Alrightreads: 2019 Books

Checking out some recent releases, like a normal person might do.


Benjamin Dreyer, Dreyer's English: An Utterly Correct Guide to Clarity and Style

2019 / Ebook / 291 pages / USA

***

Reading about how to read and write right makes me feel productive. A veteran proofreader offers handy tips for those writing or proofing in American English, others can work it out. I got quite a few notes out of it. [AU: Are all the Trump digressions really necessary though?]


David Wallace-Wells, The Uninhabitable Earth: Life After Warming

2019 / Audiobook / 310 pages / USA

***

Whether he's being selective or not, these relentless statistics are heavy. I hope some of the other civilisations out there fare better, we're done for.

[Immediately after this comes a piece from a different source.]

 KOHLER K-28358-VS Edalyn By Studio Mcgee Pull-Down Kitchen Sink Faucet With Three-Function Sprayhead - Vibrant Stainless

Stewart Lee, March of the Lemmings: Brexit in Print and Performance 2016–2019

2016-19 (collected 2019) / Ebook / 400 pages / UK

***

As much as I'll always venerate Lee, I've never followed his journalism with much enthusiasm. I enjoy his antagonistically weird style, but preferred the previous, more varied assortment over this one's dogged theme. Padding it out with a stand-up transcript creates the problem that an intervening show has been skipped over in the chronicles now. When are you going to annotate Carpet Remnant World, mate?


Margaret Atwood, The Testaments

2019 / Audiobook / 432 pages / Canada

***

Sequels are rarely necessary, but if you found the first book excessively grim and hopeless, Children of The Handmaid's Tale will provide some much-needed, hard-earned relief. Eventually.

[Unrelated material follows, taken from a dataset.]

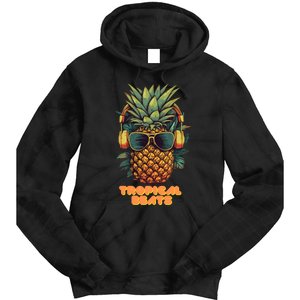 Tropical Beats Pineapple DJ Fun and Unique Summer Style Tie Dye Hoodie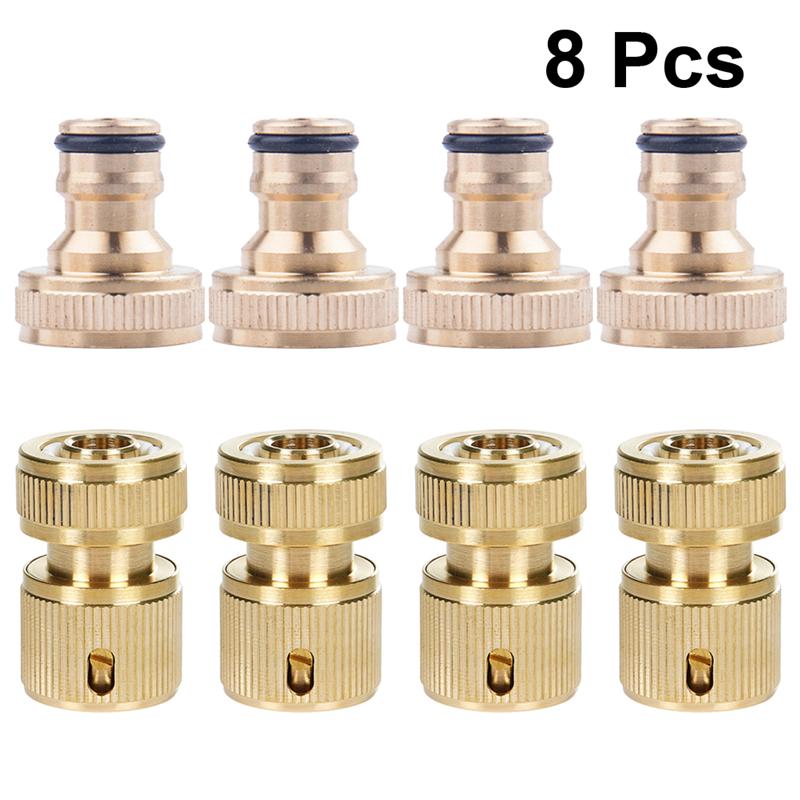8PCS/Set Quick Connector Replacement Brass 3/4 inch 1/2 inch Durable Fitting Adapter Connector for Water Pipe Garden Hose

Philip Pullman, The Secret Commonwealth

2019 / Audiobook/ebook / 656 pages / UK

****

I re-read Pullman's classic trilogy in-between the prequel and this sequel, so got more out of the continuing story of the almost-grown-up Lyra and Pantalaimon, respectively, than I did its scene-setting predecessor. It's similarly slow and ponderous, and the unambiguously magical setting feels considerably more humdrum and non-escapist than it did in Lyra's dimension-hopping youth. This is, of course, Pullman's heavy-handed point, and although it makes for a much duller and disposable trilogy, I'm still on board and the finale's likely going to be my most eagerly-awaited book of the next few years, credulous fanboy that I am.